Anche parlare di diritti umani è un eufemismo in India, dove – ricordiamolo – Tomaso Bruno ed Elisabetta Boncompagni sono detenuti dal 7 febbraio 2010 per lo strangolamento di un loro amico, la cui autopsia dimostra il decesso per altre cause, senza che la magistratura indiana ponga rimedio a questo clamoroso errore giudiziario.

Una nazione, l’India, che pretende il ruolo di super potenza, mentre – nella sola Nuova Dehli nel 2013 – si sono contati più di 1.300 denunce per stupro  e quasi 3.000 aggressioni sessuali, mentre le donne accusano polizia e magistrati di ‘indifferenza’ se non connivenza.

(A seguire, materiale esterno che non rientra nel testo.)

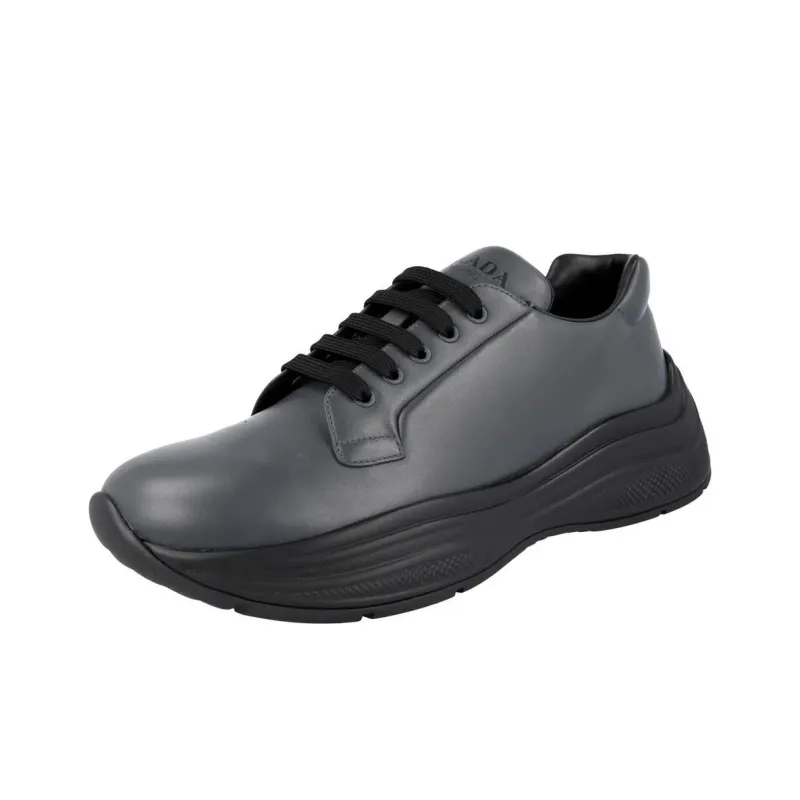 PRADA Americas Cup Xl Cushioning Anti-Slip And Wear-Resistant Low-Top Platform Athletic Shoes Men's Black-3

Le condizioni di vita e di lavoro degli operai nel più grande cimitero di battelli del mondo – il cantiere d’Alang in India – era così descritto in un rapporto del 1995 dell’ingegnere Maresh Panda: “Questi avevano problemi di pelle e problemi respiratori dovuti al contatto con materiali tossici. Gli scafi potevano contenere del carburante e i tagliatori li foravano con la fiamma ossidrica col rischio di esplosioni. Il suolo era saturo di prodotti tossici. Ora, la maggior parte degli operai era a piedi nudi e poteva ferirsi. (…) Alloggiavano dai 20 ai 30 in una stessa baracca e dormivano su cuccette sovrapposte. Potevano arrivare a lavorare venti ore al giorno”.

E l’India è anche il paese con il maggior numero di bambini lavoratori: l’Indian Labour Organization computava nel 1996 ben 23,17 milioni di minori al lavoro, di cui 12,67 milioni a tempo pieno (14 ore al giorno). L’ultimo censimento indiano, che risale al 2001, ne conta 12,66 milioni.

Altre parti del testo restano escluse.